Reproduce the listing below in full and exactly; no pictures belong in the copy.
***
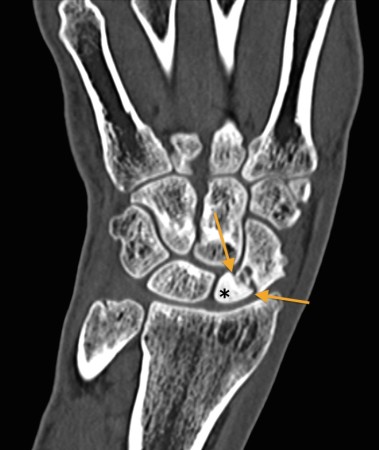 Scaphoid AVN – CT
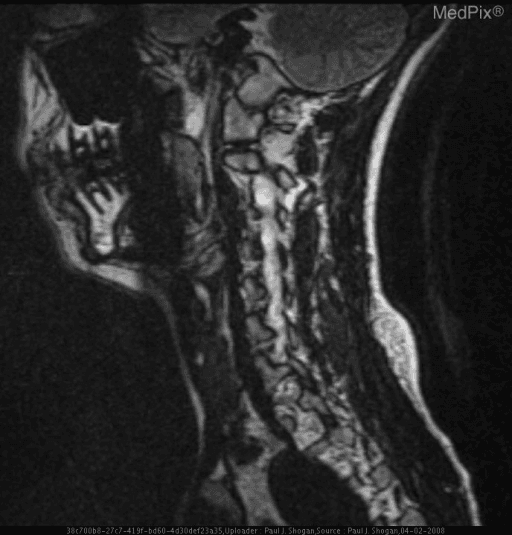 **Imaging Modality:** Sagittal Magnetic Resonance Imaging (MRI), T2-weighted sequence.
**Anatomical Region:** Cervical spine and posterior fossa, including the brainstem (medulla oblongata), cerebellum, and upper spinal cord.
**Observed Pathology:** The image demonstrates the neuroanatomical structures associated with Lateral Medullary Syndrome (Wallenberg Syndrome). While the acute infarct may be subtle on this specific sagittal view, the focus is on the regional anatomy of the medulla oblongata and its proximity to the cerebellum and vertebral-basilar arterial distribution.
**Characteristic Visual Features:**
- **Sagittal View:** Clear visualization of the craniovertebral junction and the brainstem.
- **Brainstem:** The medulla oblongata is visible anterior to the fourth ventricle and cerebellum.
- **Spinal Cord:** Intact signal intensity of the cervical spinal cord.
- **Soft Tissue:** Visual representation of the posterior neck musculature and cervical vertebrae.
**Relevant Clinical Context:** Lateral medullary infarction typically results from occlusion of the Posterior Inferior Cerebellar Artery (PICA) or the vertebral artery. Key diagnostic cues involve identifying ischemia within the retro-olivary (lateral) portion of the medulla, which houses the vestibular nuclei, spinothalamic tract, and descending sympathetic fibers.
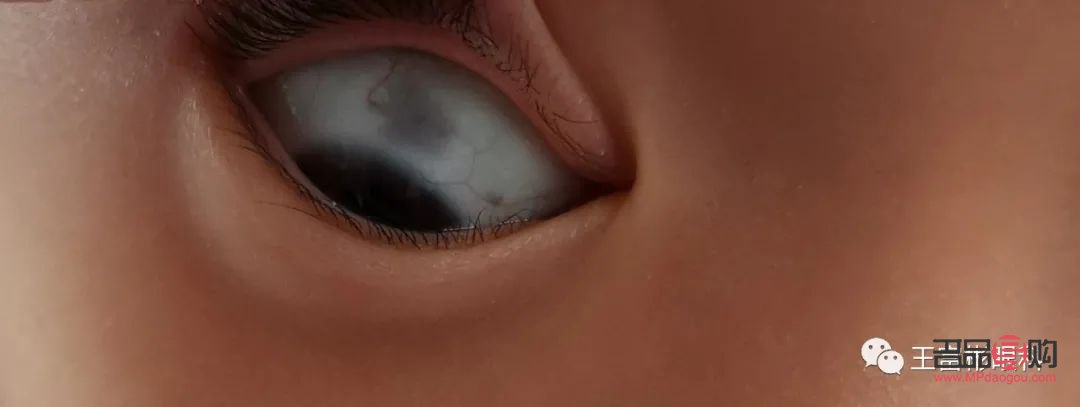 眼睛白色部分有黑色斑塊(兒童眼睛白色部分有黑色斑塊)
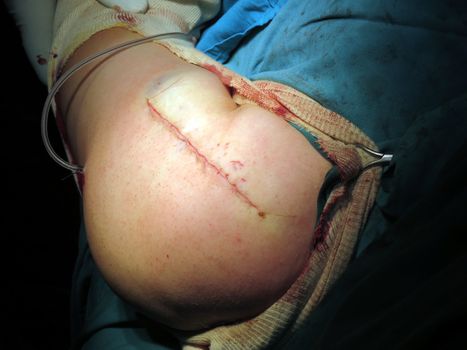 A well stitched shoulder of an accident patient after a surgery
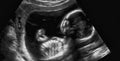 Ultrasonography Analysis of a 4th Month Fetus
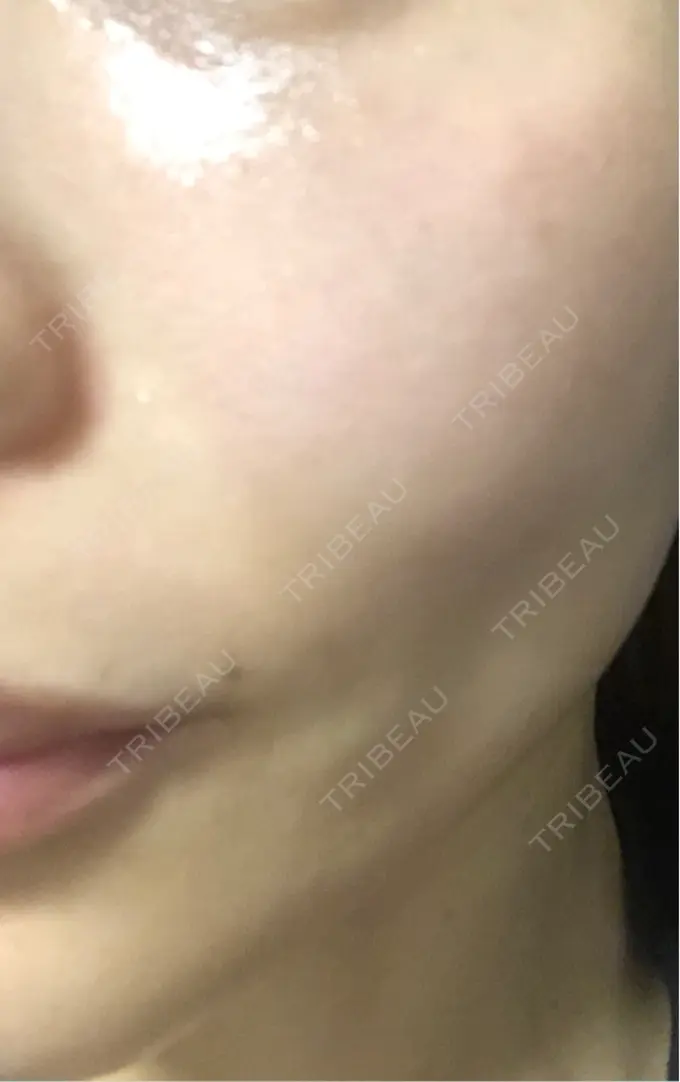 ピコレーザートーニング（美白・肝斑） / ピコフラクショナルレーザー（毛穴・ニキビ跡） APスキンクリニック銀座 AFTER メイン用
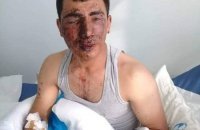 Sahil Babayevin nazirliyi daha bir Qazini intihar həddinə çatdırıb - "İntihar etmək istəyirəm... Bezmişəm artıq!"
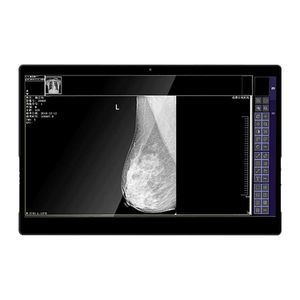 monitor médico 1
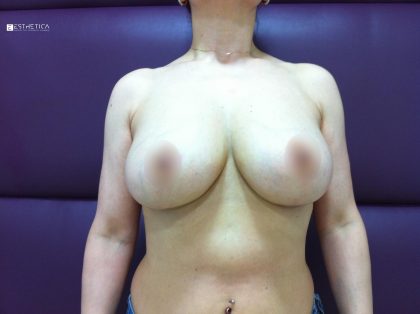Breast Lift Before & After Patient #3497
***
## RESULT
 Scaphoid AVN – CT
 **Imaging Modality:** Sagittal Magnetic Resonance Imaging (MRI), T2-weighted sequence.
**Anatomical Region:** Cervical spine and posterior fossa, including the brainstem (medulla oblongata), cerebellum, and upper spinal cord.
**Observed Pathology:** The image demonstrates the neuroanatomical structures associated with Lateral Medullary Syndrome (Wallenberg Syndrome). While the acute infarct may be subtle on this specific sagittal view, the focus is on the regional anatomy of the medulla oblongata and its proximity to the cerebellum and vertebral-basilar arterial distribution.
**Characteristic Visual Features:**
- **Sagittal View:** Clear visualization of the craniovertebral junction and the brainstem.
- **Brainstem:** The medulla oblongata is visible anterior to the fourth ventricle and cerebellum.
- **Spinal Cord:** Intact signal intensity of the cervical spinal cord.
- **Soft Tissue:** Visual representation of the posterior neck musculature and cervical vertebrae.
**Relevant Clinical Context:** Lateral medullary infarction typically results from occlusion of the Posterior Inferior Cerebellar Artery (PICA) or the vertebral artery. Key diagnostic cues involve identifying ischemia within the retro-olivary (lateral) portion of the medulla, which houses the vestibular nuclei, spinothalamic tract, and descending sympathetic fibers.
 眼睛白色部分有黑色斑塊(兒童眼睛白色部分有黑色斑塊)
 A well stitched shoulder of an accident patient after a surgery
 Ultrasonography Analysis of a 4th Month Fetus
 ピコレーザートーニング（美白・肝斑） / ピコフラクショナルレーザー（毛穴・ニキビ跡） APスキンクリニック銀座 AFTER メイン用
 Sahil Babayevin nazirliyi daha bir Qazini intihar həddinə çatdırıb - "İntihar etmək istəyirəm... Bezmişəm artıq!"
 monitor médico 1
Breast Lift Before & After Patient #3497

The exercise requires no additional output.